Krystle Campbell was one year older than I am; Tamerlan Tsarnaev was
one year younger than I am. Reading the stories of the dead have left me
wondering what people will say about me when I die. If I don't like
what I think they'll say, what are the behavior and attitude changes I
need to make now? If I died today, would my friends and family know how
much I love them? Who would miss my ministry if I died
now? These are the things I have been thinking in the past couple of weeks as I try to
process all that has happened.
This time, I really have finished our blog series. Seriously. I wrote scheduled all the rest of the posts through May, starting this Wednesday night. Third time's the charm?

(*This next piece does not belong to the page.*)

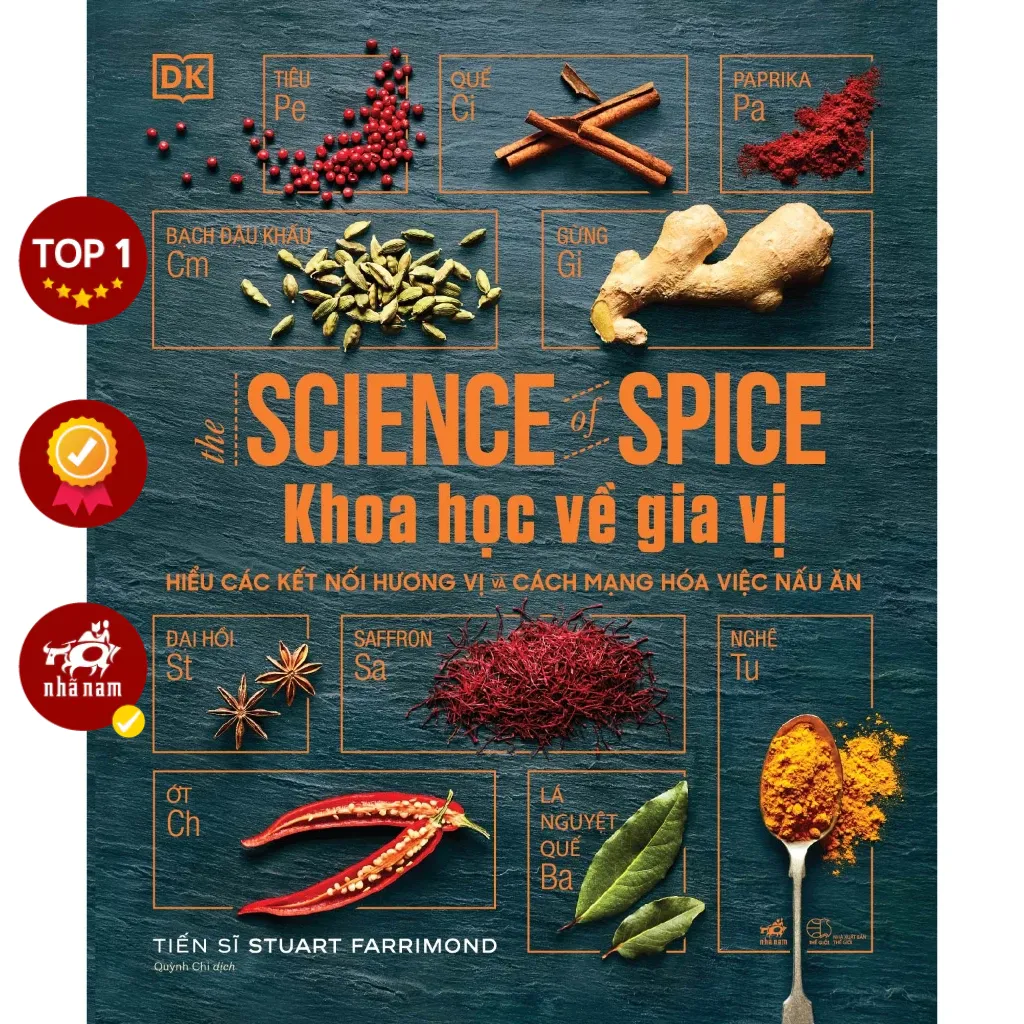 Ảnh Sách - Khoa học về gia vị: The science of spice (Bìa cứng) 1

In the meantime, here is an article from Slate that reflects on the bombings and the nature of evil:
“The Insane Root That Takes the Reason Prisoner”: Macbeth, Boston, and the two paradoxes of Evil
I've been thinking about it a lot, and about the idea that we harbor both noble intentions and evil urges within ourselves. Dzokhar definitely was under the influence of a brother who abused his wife and believed a perversion of Islam, and in a sense he "knew not what he did". On the other hand, he dropped a bomb in a group of children and walked away- a very conscious act. A professor I once had preached a sermon once and he touched on Harry Potter. He admires Harry's character because Harry acknowledged both sides of himself and he chose to do the right thing again and again. I think it's easier to label people as evil and vilify them than it is to acknowledge the evil impulse within us and to wrestle with it (and master it). What do we do with all this? I don't know yet, other than to hold dear God's compassion and justice both.